Trade and technology: New Delhi wants the U.S. to withdraw sanctions against nuclear technology exports; Washington wants dilution of the nuclear liability law or exemption for U.S. suppliers. India wants assurances of no further proposals from Obama to limit outsourcing.
Defence: Closer military ties, and a larger pie of India’s $30 billion defence procurement plan for Washington.

Manmohan-Obama bilateral meetings
April 2, 2009: “Wise” and “wonderful” was how Obama described Singh when they met on the sidelines of the G20 summit, the first time since Obama assumed office. Both leaders called for closer bilateral ties.

Washington, DC
Nov. 24, 2009: Singh’s U.S. visit had Obama reaffirming U.S. commitment to strengthen cooperation, primarily in the implementation of the Indo-US nuclear deal. Afghanistan and climate change were also topics.

Washington, DC
April 12, 2010: Non-proliferation and nuclear security, Afghanistan, food security and poverty reduction were prominent topics in the first of a series of bilateral talks ahead of the Nuclear Security Summit.

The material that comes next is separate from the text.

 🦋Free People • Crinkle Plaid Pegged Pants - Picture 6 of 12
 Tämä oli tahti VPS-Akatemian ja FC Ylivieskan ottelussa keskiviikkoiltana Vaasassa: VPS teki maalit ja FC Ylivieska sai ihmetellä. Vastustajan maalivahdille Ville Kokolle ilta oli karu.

India’s request for access to 26/11 suspect David Coleman Headley, however, went unanswered, until June.

July 10, 2009: Talked about Pakistan and Hillary Clinton’s visit to India in a quick informal meeting during the outreach meeting of G5 and G8 leaders.

June 28, 2010: Discussed terrorism, global economy and “other areas of mutual concern”. Obama praised Singh saying whenever the Prime Minister spoke, “the whole world listens to him”.